Search code examples
haskellparsec

Dropping text up to a special character with Parsec


I'm new to Haskell and Parsec --- my apologies if this question is trivial.

I want to parse lines of text that are structured like this:

<Text to be dropped> <special character (say "#")> <field 1> <comma> <field 2>
<comma> <field 3> <special character 2 (say "%")> <Text to be dropped>

I want my parser to discard the "text to be dropped" at the beginning and at the end, and to keep the contents of the fields. My main problem is understanding how to write a parser that drops everything up to a certain special character.

The parsers from the library that seem helpful are anyChar, manyTill and oneOf, but I don't understand how to combine them. I would be grateful for any simple example.


Solution

  • When writing Parsec code, it is useful to first write out the grammar that you want to parse in BNF form first, because parsers written in Parsec end up very much looking like the grammar.

    Let's try that:

    line ::= garbage '#' field ',' field ',' field '%' garbage
    

    In the above production, we assume a production named garbage, whose actual definition will depend on what text you actually want dropped. Likewise, we assume a production named field. Now let's write this production out as parsec code:

    line = do
      garbage
      char '#'
      field1 <- field
      char ','
      field2 <- field
      char ','
      field3 <- field
      char '%'
      garbage
      return (field1, field2, field3)
    

    This code reads exactly like the BNF. The essential difference is that the results of some of the subproductions are named, so that we can return a value built from these results (in this case a tuple).
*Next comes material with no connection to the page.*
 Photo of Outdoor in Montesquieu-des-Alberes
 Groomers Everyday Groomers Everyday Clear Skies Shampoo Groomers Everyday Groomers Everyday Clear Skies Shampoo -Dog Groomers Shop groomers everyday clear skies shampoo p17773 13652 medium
    Now i don't know what your notion of garbage is, but for the sake of example let's assume that you mean any whitespace. Then you could define garbage as follows:

    garbage = many space
    

    (or, alternatively, it so happens that parsec already has a combinator for parsing zero or more spaces called spaces). If the garbage could be anything except the # delimiter character, then you could say

    garbage = many (noneOf "#")
    

    This line will munch all input up to and excluding the first '#'. Either way, whatever value garbage produces as a result, since you are not binding a name to the value it will be thrown away.